Has your body betrayed you or can you trust your body?
I was having dinner with a few friends recently.
We're all middle-aging and were discussing what that is meaning for our bodies.
One friend mentioned how she can't handle spicy food or as much alcohol as she used to, on top of digestive issues that mean she "should" be following a diet she finds unappealing.
And then she said it...words that struck me quite deeply in the moment...in that way that leaves you a little stunned and not sure what direction to respond from...
...she said "As you get older your body really betrays you".
I still feel it in my chest.
It's a sense of shock, and sympathy, and hurt on behalf of her body...and frustration.
This interpretation of what's going on in her body feels a bit like a mini devastation to me. Yes, that's a tad melodramatic, but it's honestly how my spirit reacts to that statement...it's just so untrue, so wrong and SO very much the path to your body's continued decline in health.
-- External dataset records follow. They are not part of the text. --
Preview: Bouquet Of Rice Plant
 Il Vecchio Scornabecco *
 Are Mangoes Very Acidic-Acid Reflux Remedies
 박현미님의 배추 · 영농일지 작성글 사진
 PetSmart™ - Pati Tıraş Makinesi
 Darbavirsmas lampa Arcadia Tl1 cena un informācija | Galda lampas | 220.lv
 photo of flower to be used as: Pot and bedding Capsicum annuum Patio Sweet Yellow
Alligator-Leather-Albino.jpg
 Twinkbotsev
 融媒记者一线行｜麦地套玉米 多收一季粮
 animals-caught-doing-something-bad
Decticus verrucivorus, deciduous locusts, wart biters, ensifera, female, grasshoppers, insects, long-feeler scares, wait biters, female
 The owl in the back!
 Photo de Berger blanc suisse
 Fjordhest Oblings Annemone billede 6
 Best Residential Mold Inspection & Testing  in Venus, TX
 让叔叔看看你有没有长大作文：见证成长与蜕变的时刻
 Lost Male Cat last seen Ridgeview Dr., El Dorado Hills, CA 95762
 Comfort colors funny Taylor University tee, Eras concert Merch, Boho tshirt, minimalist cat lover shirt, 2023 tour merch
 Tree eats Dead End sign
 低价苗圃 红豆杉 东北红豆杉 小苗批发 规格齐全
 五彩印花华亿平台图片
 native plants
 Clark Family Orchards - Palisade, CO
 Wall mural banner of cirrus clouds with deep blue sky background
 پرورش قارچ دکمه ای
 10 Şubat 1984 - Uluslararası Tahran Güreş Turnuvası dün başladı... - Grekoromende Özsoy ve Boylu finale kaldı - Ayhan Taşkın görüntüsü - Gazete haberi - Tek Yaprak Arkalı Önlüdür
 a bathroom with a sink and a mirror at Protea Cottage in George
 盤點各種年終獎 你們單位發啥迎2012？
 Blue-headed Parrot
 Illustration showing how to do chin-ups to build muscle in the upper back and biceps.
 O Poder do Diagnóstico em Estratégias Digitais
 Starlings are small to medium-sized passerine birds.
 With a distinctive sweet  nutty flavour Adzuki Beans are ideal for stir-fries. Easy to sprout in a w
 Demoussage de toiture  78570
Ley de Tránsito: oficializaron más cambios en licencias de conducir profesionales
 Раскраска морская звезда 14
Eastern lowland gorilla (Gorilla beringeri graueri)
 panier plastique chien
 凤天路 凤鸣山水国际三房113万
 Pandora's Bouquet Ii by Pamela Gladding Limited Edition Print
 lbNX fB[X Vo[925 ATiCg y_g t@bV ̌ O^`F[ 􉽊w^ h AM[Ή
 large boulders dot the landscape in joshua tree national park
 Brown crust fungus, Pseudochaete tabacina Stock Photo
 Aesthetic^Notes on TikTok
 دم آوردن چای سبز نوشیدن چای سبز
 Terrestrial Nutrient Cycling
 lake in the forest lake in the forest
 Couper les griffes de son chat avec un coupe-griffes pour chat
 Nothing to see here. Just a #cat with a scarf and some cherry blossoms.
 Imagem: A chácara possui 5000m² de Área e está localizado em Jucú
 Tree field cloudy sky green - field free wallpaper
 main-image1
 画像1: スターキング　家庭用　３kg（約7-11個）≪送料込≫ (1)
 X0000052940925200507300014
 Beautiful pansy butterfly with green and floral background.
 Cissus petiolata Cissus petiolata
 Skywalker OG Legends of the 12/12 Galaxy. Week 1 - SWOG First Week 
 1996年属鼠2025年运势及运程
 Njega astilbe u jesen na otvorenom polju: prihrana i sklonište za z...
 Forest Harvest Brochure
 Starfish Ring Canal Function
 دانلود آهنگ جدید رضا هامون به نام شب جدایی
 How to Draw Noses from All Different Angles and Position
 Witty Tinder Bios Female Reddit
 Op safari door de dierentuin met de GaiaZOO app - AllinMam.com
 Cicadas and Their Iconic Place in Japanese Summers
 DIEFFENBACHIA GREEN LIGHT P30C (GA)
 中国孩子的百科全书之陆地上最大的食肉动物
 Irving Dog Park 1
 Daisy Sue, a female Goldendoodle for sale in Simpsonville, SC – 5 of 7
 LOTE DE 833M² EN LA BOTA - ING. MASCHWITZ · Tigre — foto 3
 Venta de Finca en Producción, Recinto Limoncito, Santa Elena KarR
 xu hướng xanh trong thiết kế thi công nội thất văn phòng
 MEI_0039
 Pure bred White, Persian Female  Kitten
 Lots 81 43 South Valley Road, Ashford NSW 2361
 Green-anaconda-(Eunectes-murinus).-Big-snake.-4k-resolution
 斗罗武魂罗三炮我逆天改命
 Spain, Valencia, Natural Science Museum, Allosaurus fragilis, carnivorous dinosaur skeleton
Your body has not betrayed you
Here's the bottom line, as I believe it to be - your body doesn't have an inch of betrayal in it. It's quite the opposite.
Your body, like the body of any animal, is perpetually trying to keep you alive and healthy.
Your body has miraculous instincts to keep you safe, vastly more than your conscious mind could ever have.
Your body loves you. It wants what's best for you. It is fighting to keep you safe and happy.
So why does it feel like you can't trust your body?
In my friend's case, her body deserves a medal. This is a woman who has hated her body since she was a child.
She drinks a lot of alcohol.
She has always eaten food that wasn't good for her - I don't necessarily mean junk food, though I think there has been a lot of that. But she hasn't been listening to her body's cue's as to what foods it needs and what foods it struggles to digest.
She doesn't sleep enough - she has had chronic insomnia for decades. While this is a horrible condition and one she says she'd very much like not to have, she also doesn't actively undertake the activities known to assist in lessening the severity of insomnia.
In fact, she does many things that are known to worsen it - like eating later, too much alcohol, tv and other screens till late in the evening etc.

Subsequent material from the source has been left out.